M. P. Appell is the same person: it stands for  Monsieur Paul Appell.

Paul Émile Appell (27 September 1855, in Strasbourg – 24 October 1930, in Paris) was a French mathematician and Rector of the University of Paris. Appell polynomials and Appell's equations of motion are named after him, as is rue Paul Appell in the 14th arrondissement of Paris and the minor planet 988 Appella.

Life
Paul Appell entered the École Normale Supérieure in 1873. 
He was elected to the French Academy of Sciences in 1892.

In 1895, he became a Professor at the École Centrale Paris. Between 1903 and 1920 he was Dean of the Faculty of Science of the University of Paris, then Rector of the University of Paris from 1920 to 1925.

Appell was the President of the Société astronomique de France (SAF), the French astronomical society, from 1919 to 1921.

His daughter Marguerite Appell (1883–1969), who married the mathematician Émile Borel, is known as a novelist under her pen-name Camille Marbo.

Appell was an atheist. He was awarded Order of the White Eagle.

Work
He  worked first on projective geometry in the line of Chasles, then on algebraic functions, differential equations, and complex analysis. Appell was the editor of the collected works of Henri Poincaré. Jules Drach was co-editor of the first volume.

Appell series
He introduced a set of four hypergeometric series F1, F2, F3, F4 of two variables, now called Appell series, that generalize Gauss's hypergeometric series.

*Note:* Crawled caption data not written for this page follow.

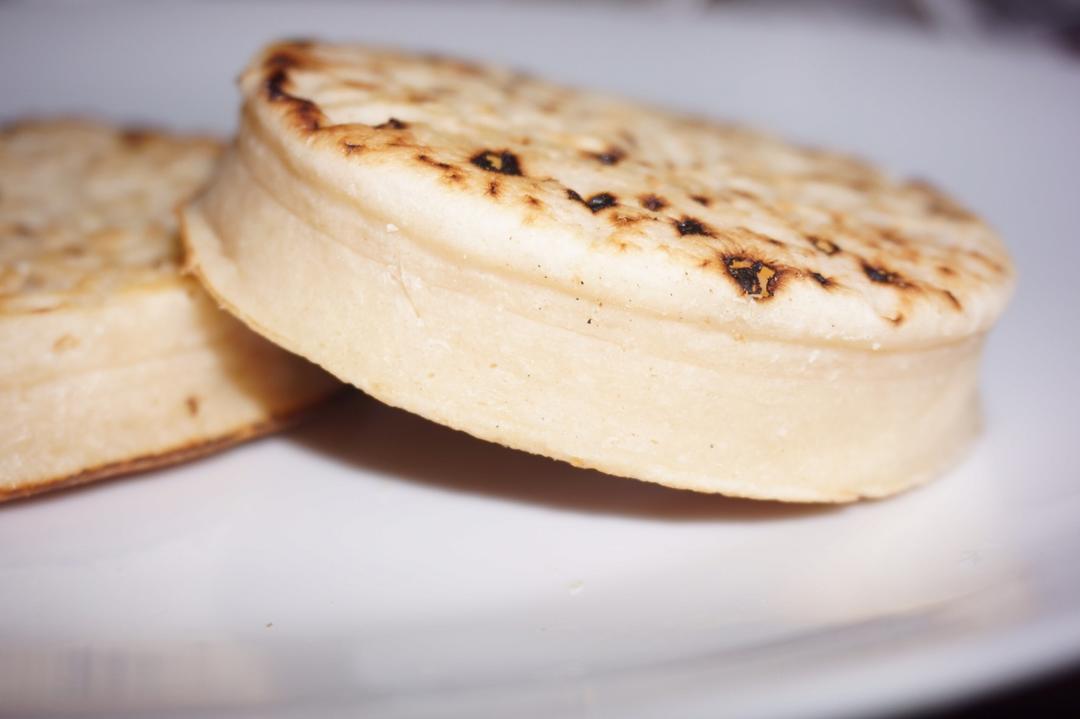 李啊喂做的英式烤面饼 crumpet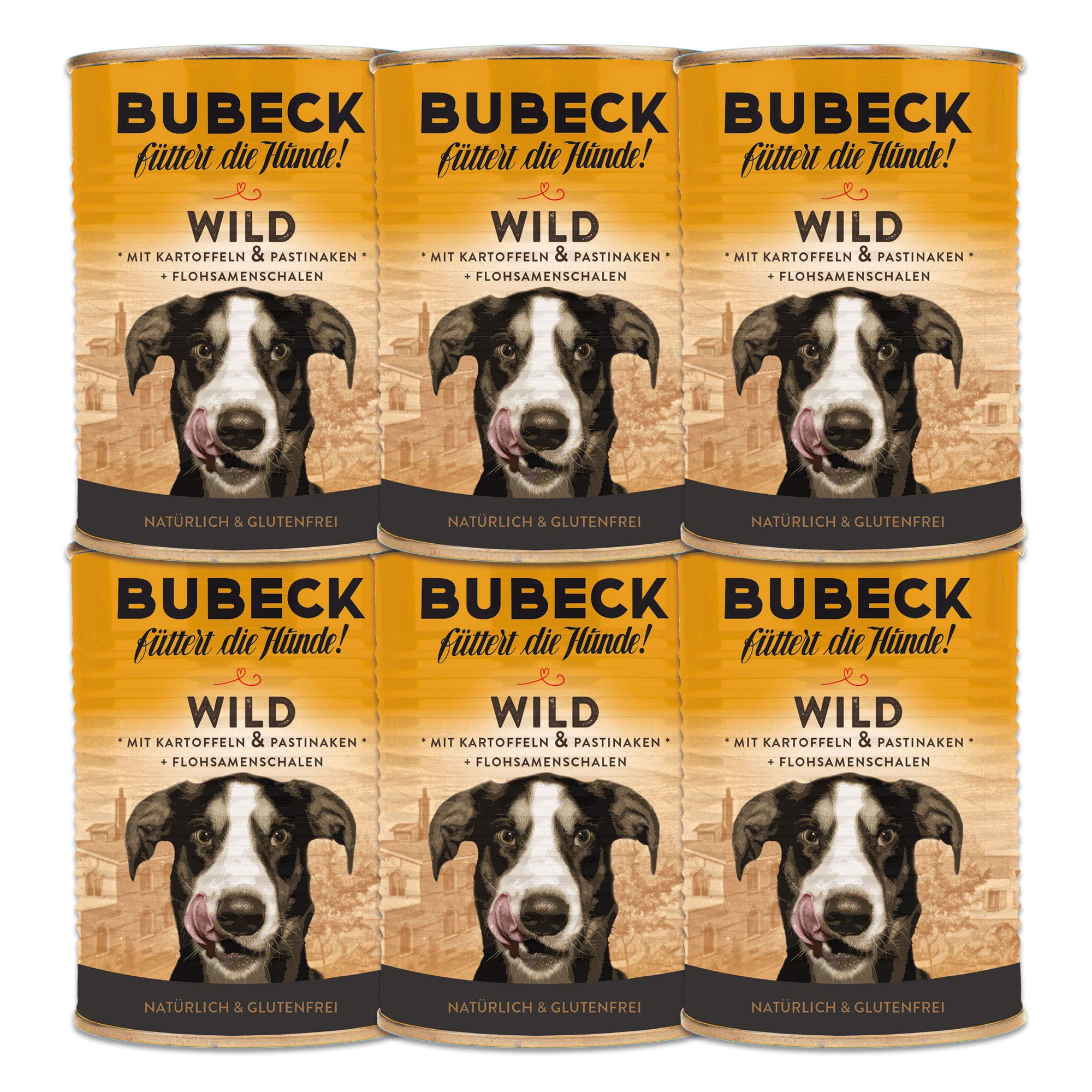 bubeck-nassfutter-pferd-getreidefrei-hundefutter-400-g image 3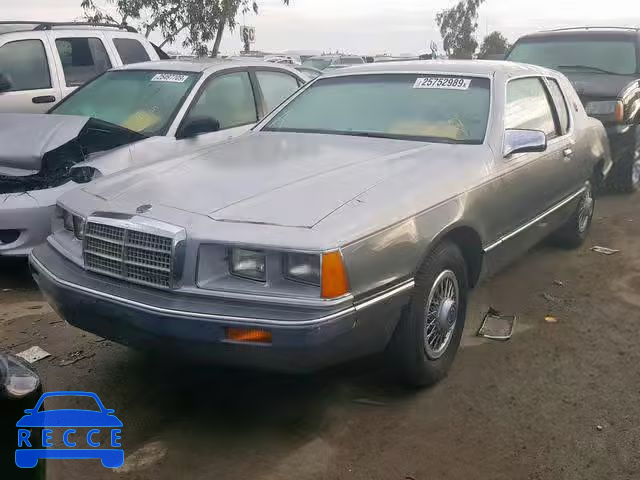 1986 MERCURY COUGAR 1MEBP92F6GH716910 зображення 1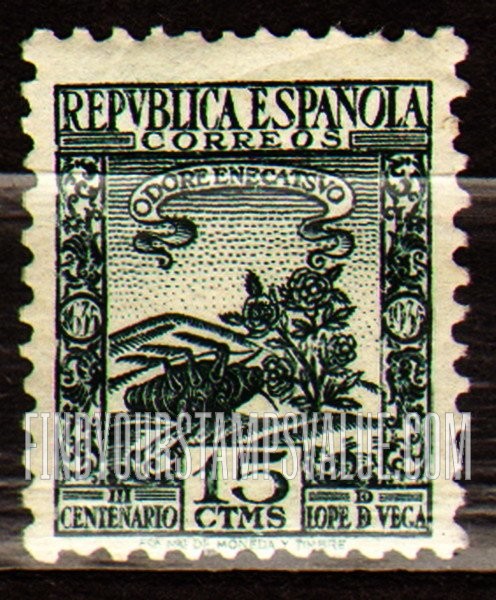 FindYourStampsValue: Lope’s Bookplate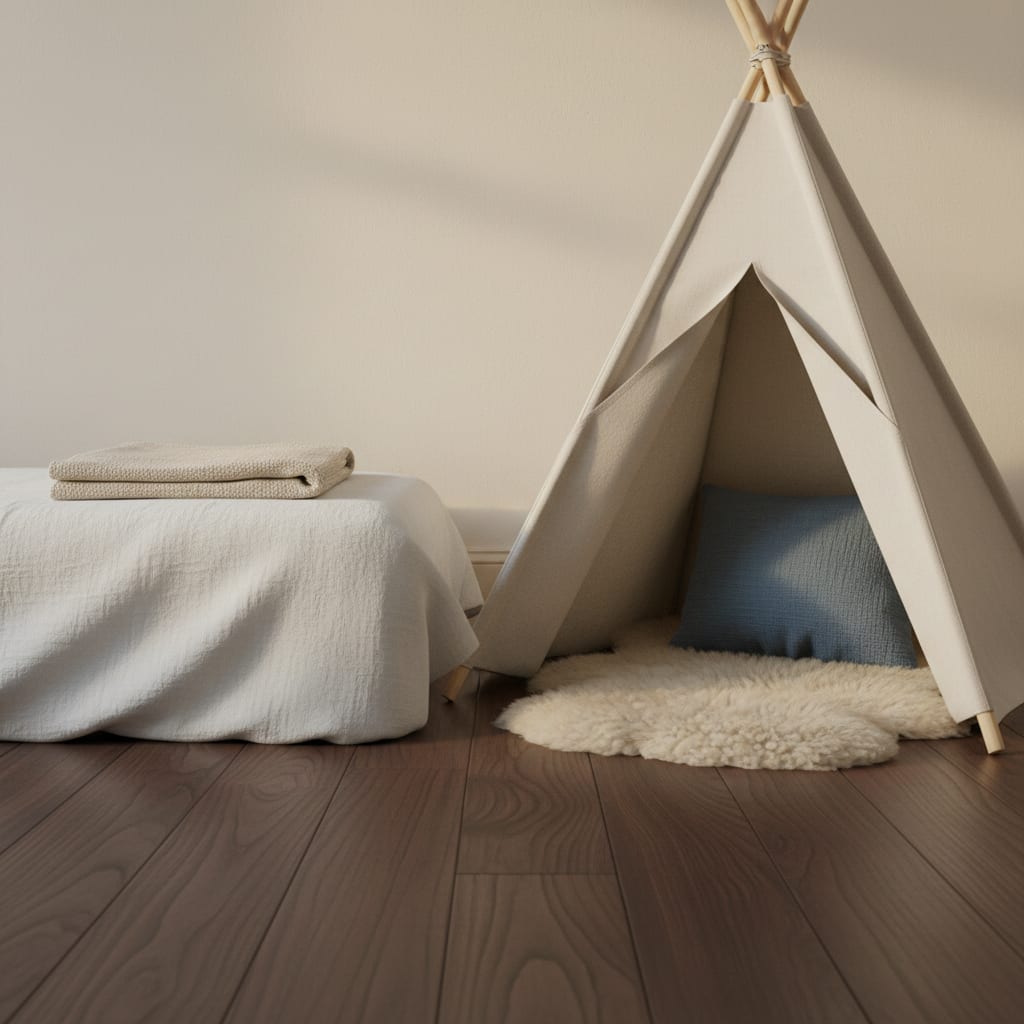 Toddler Wants to Sleep in a Play Tent: A Montessori View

He established the set of partial differential equations of which these functions  are solutions, and found formulas and expressions of these series in terms of hypergeometric series of one variable. In 1926, with Professor Joseph-Marie Kampé de Fériet, he authored a treatise on generalized hypergeometric series.

Mechanics
In mechanics, he proposed an alternative formulation of analytical mechanics known as Appell's equation of motion.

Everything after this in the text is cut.